• [Work instruction]: Exclude all pictures. Then restate, word for word, the entries from the first line through the line that contains "Cat Wall Shelves, Modern".

Short web captions:

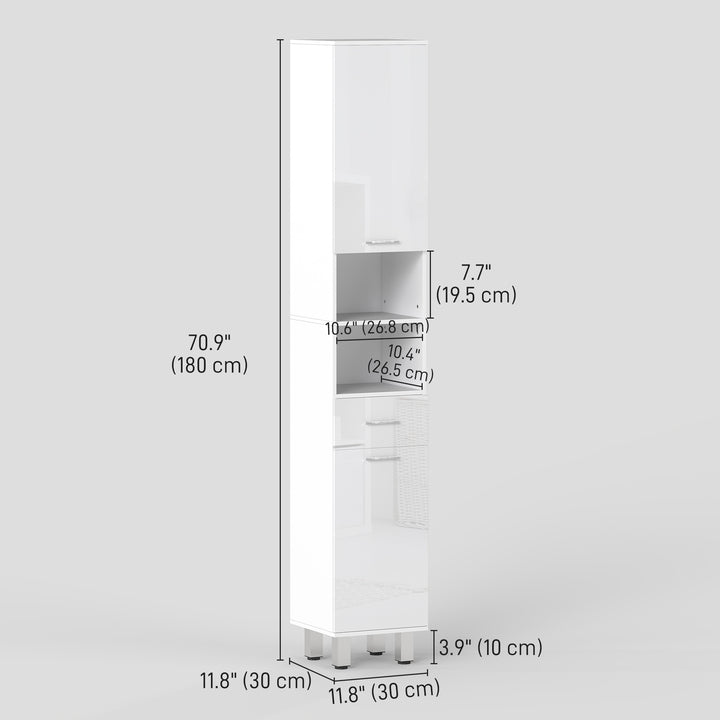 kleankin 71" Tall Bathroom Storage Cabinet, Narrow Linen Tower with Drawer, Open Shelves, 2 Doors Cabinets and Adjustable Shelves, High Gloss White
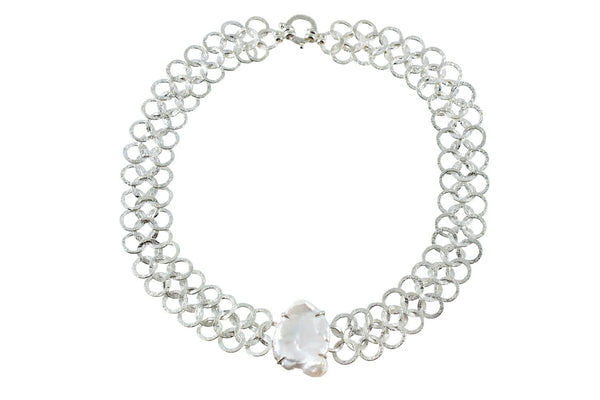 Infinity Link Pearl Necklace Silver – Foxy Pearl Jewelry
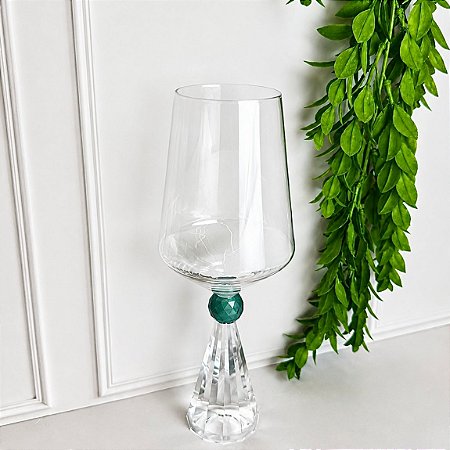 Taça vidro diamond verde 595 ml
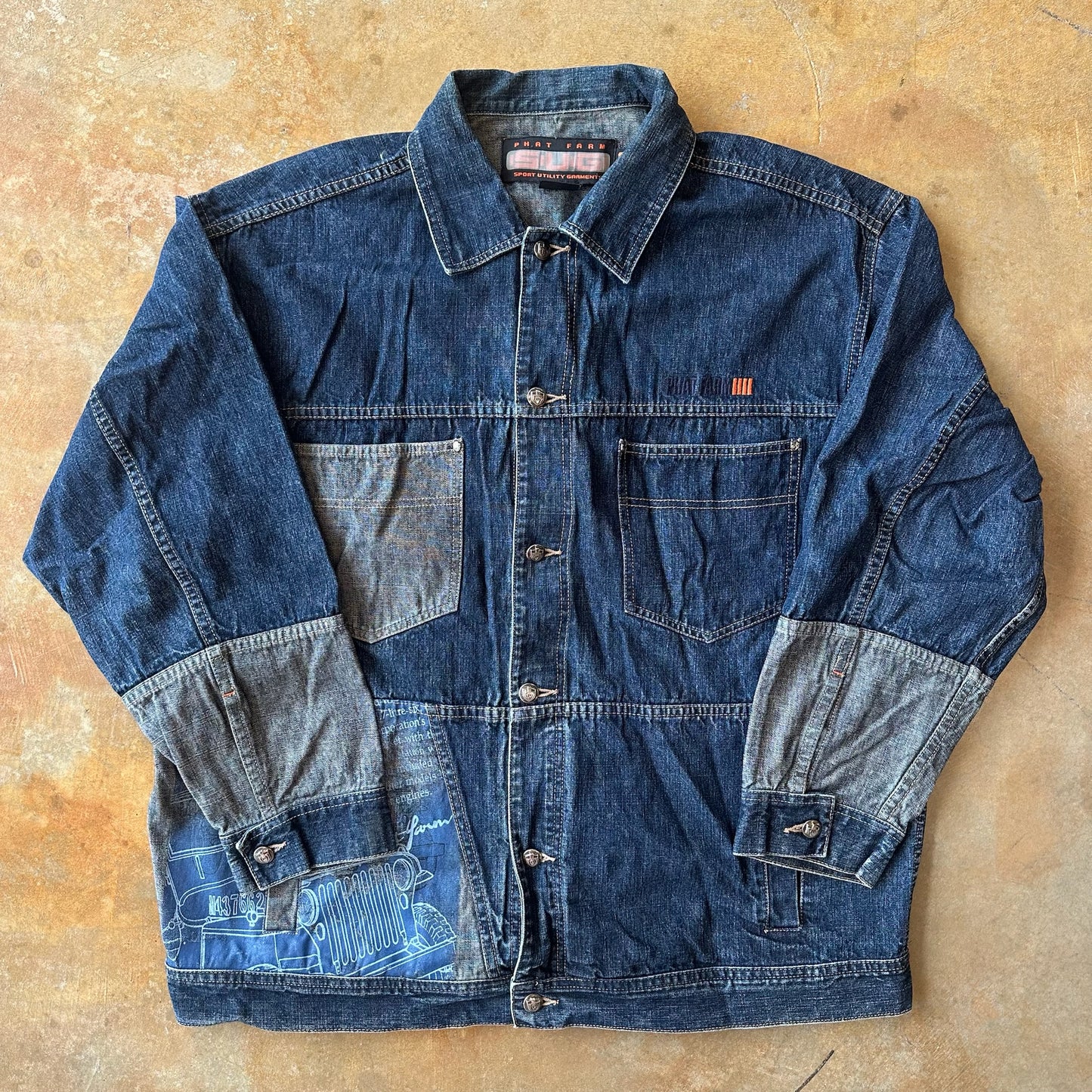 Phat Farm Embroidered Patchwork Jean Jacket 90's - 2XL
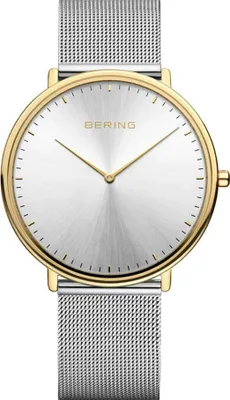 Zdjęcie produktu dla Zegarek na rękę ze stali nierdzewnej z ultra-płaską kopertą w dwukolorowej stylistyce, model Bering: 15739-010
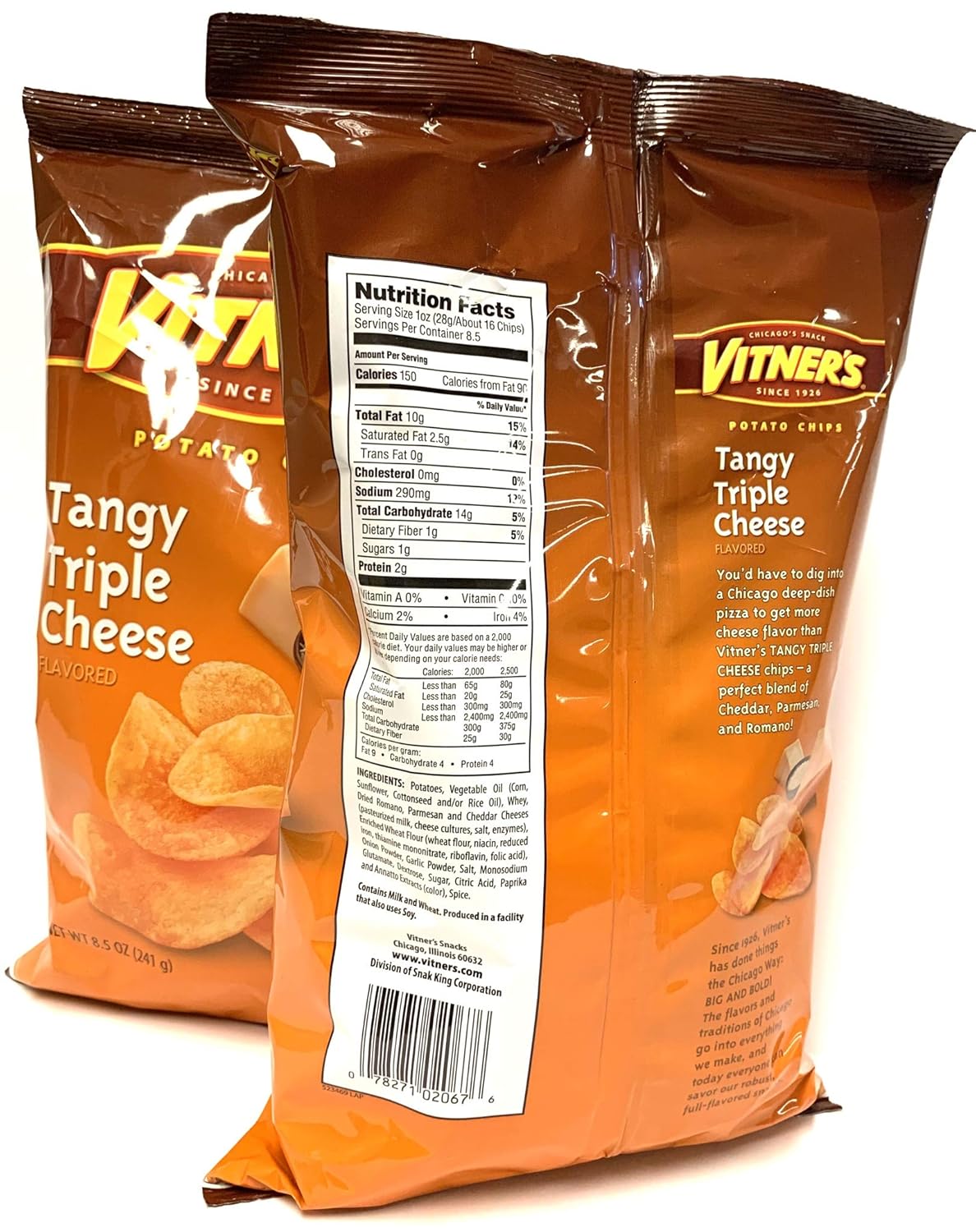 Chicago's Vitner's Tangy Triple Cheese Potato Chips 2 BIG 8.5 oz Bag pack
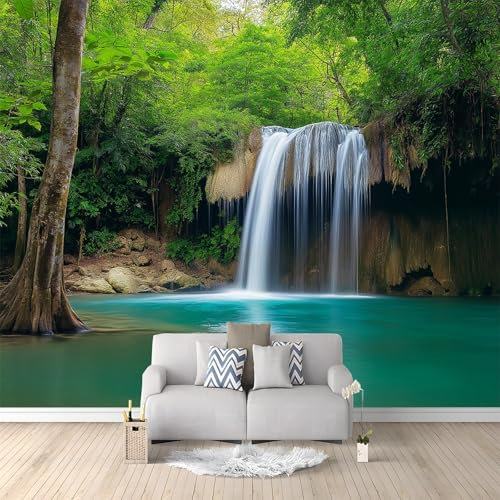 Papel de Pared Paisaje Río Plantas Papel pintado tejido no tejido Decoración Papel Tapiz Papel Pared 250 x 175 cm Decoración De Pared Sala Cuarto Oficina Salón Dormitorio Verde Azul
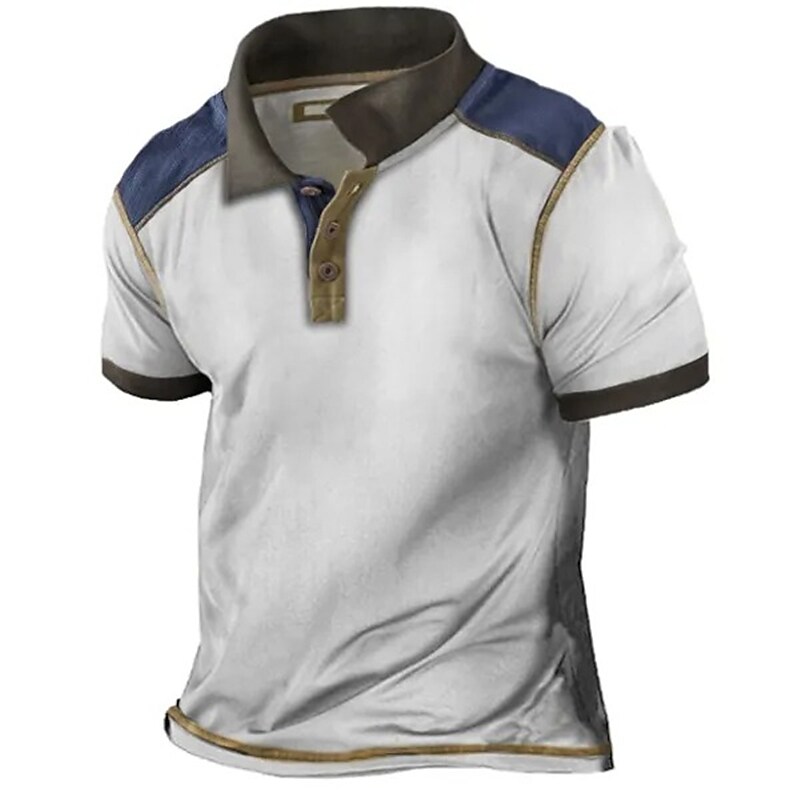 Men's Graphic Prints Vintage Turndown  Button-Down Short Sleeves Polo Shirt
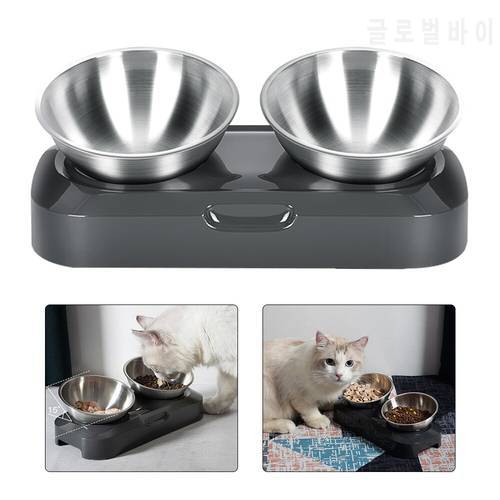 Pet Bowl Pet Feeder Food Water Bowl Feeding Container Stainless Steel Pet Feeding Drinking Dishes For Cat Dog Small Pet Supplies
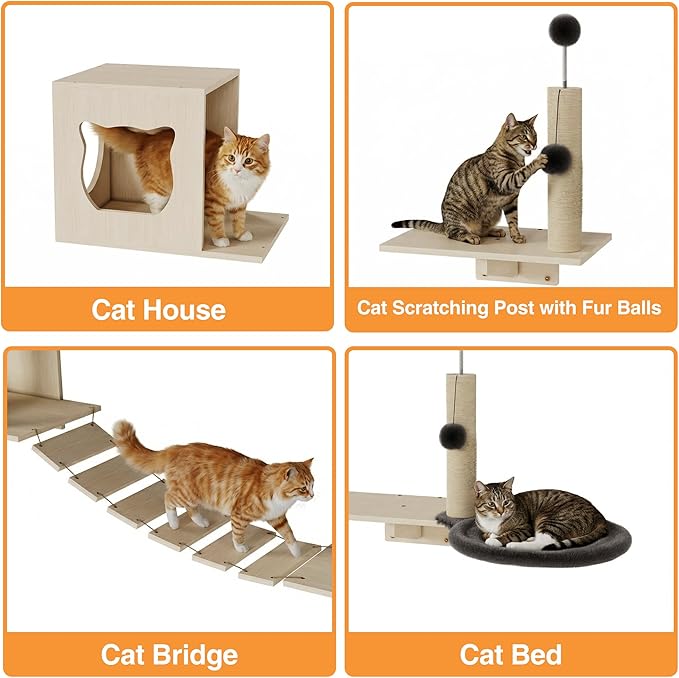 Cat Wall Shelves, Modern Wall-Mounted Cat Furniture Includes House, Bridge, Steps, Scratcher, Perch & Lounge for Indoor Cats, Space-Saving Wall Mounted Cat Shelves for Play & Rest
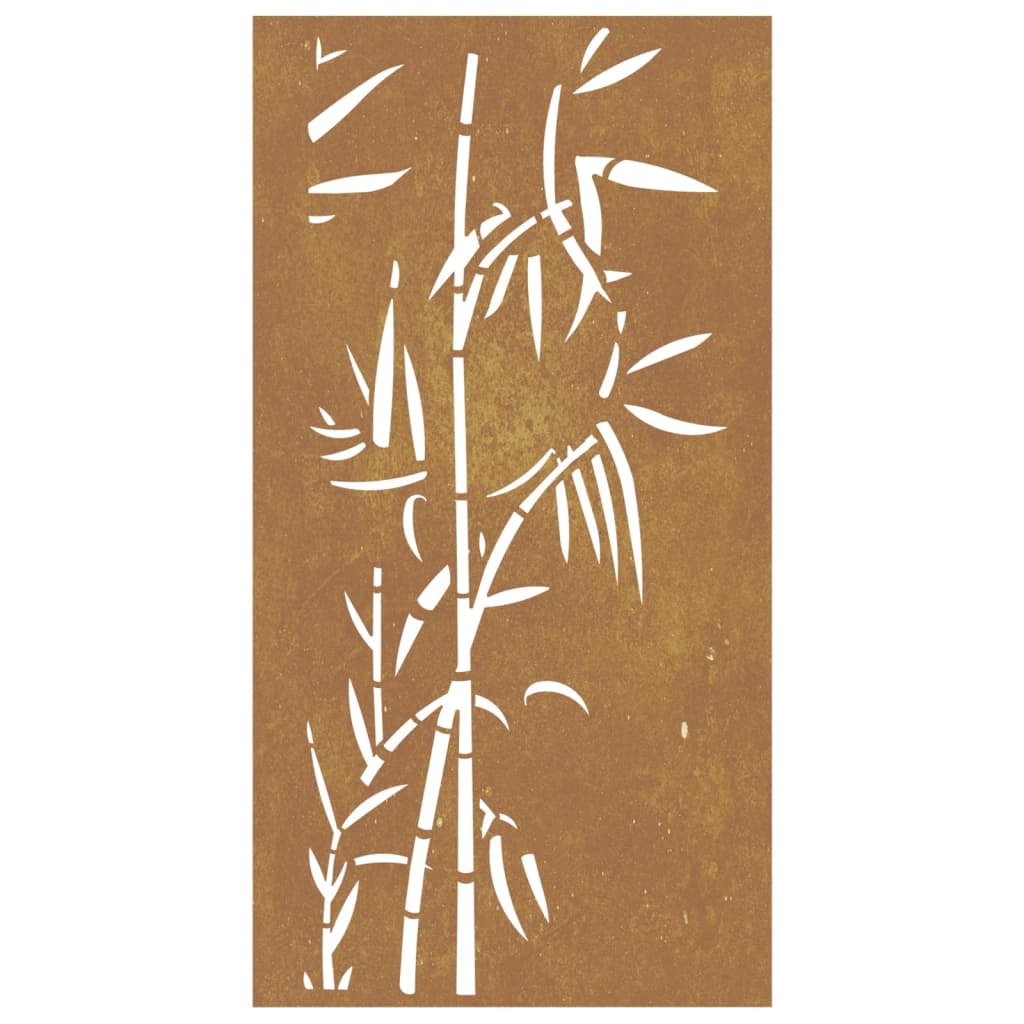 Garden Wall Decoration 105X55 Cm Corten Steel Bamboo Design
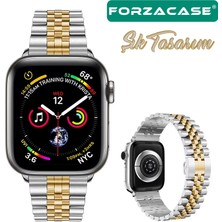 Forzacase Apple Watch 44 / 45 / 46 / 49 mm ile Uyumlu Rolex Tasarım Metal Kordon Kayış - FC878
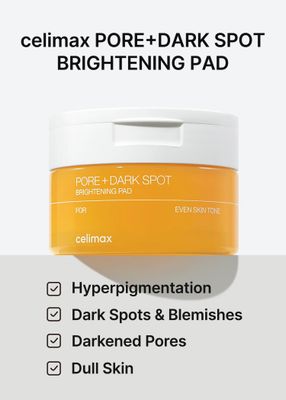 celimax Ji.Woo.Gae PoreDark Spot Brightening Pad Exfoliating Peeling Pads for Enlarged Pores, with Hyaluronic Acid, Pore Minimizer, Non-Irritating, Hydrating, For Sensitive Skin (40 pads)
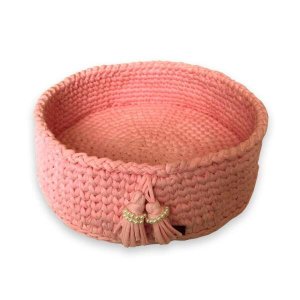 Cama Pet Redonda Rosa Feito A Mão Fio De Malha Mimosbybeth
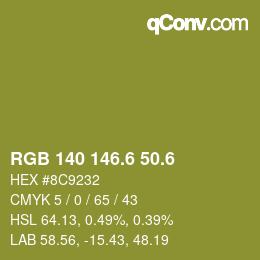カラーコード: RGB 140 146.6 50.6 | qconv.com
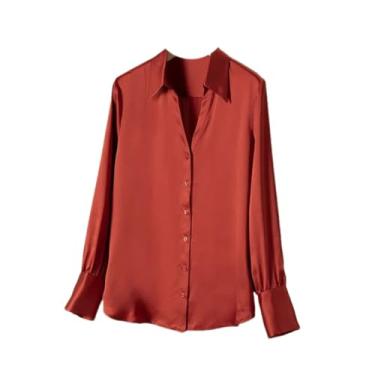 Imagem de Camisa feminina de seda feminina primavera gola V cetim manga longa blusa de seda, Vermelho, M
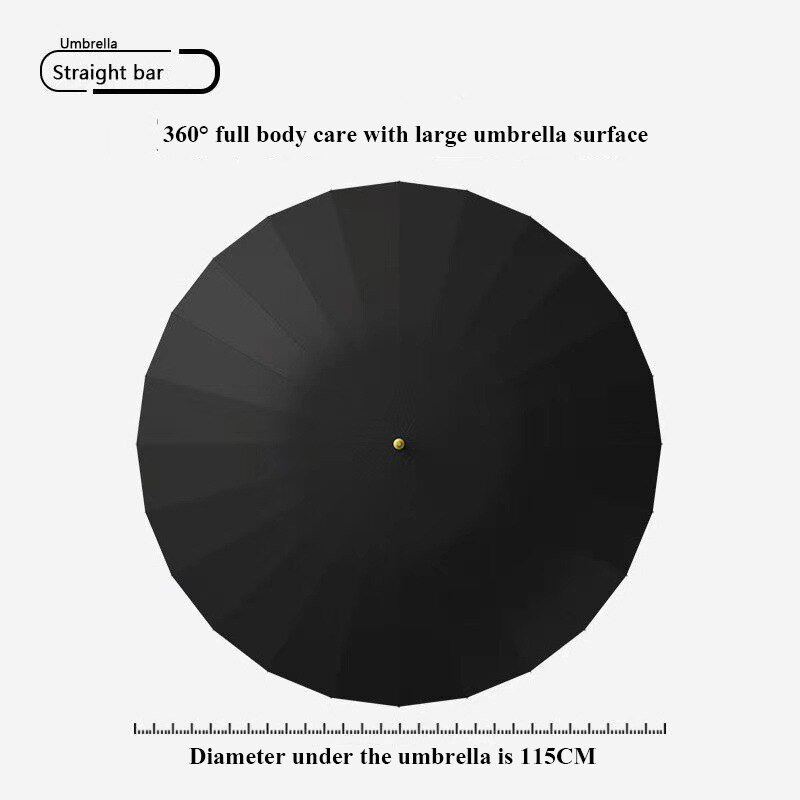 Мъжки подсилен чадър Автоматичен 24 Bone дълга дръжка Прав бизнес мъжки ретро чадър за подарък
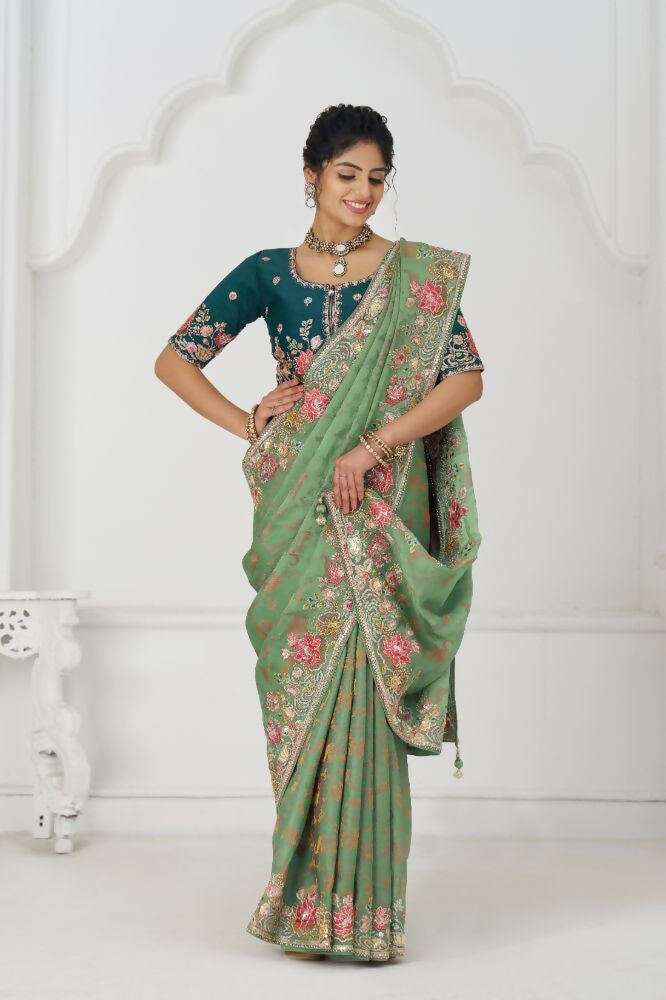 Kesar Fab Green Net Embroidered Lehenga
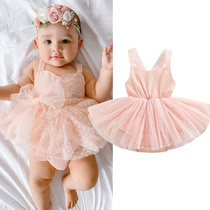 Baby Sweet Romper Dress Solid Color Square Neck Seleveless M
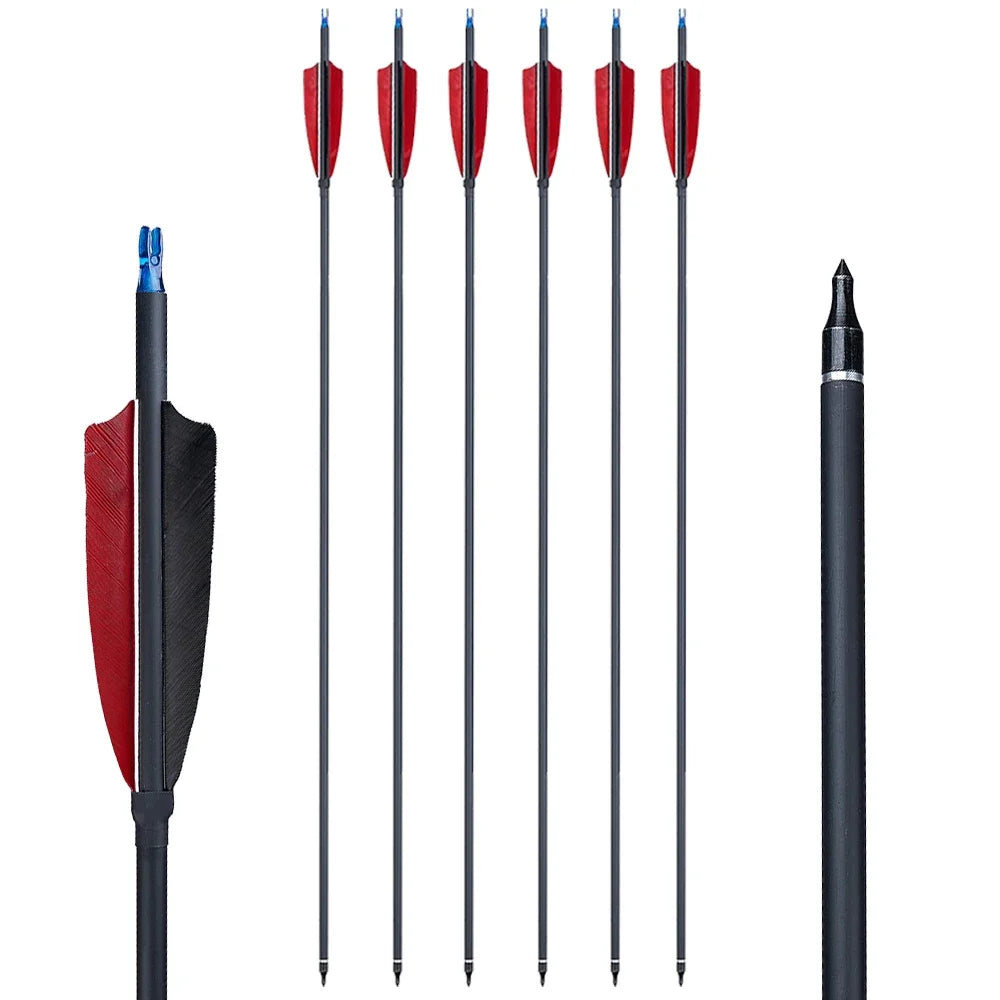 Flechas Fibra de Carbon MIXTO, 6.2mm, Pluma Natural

• [Answer box]:
 kleankin 71" Tall Bathroom Storage Cabinet, Narrow Linen Tower with Drawer, Open Shelves, 2 Doors Cabinets and Adjustable Shelves, High Gloss White
 Infinity Link Pearl Necklace Silver – Foxy Pearl Jewelry
 Taça vidro diamond verde 595 ml
 Phat Farm Embroidered Patchwork Jean Jacket 90's - 2XL
 Zdjęcie produktu dla Zegarek na rękę ze stali nierdzewnej z ultra-płaską kopertą w dwukolorowej stylistyce, model Bering: 15739-010
 Chicago's Vitner's Tangy Triple Cheese Potato Chips 2 BIG 8.5 oz Bag pack
 Papel de Pared Paisaje Río Plantas Papel pintado tejido no tejido Decoración Papel Tapiz Papel Pared 250 x 175 cm Decoración De Pared Sala Cuarto Oficina Salón Dormitorio Verde Azul
 Men's Graphic Prints Vintage Turndown  Button-Down Short Sleeves Polo Shirt
 Pet Bowl Pet Feeder Food Water Bowl Feeding Container Stainless Steel Pet Feeding Drinking Dishes For Cat Dog Small Pet Supplies
 Cat Wall Shelves, Modern Wall-Mounted Cat Furniture Includes House, Bridge, Steps, Scratcher, Perch & Lounge for Indoor Cats, Space-Saving Wall Mounted Cat Shelves for Play & Rest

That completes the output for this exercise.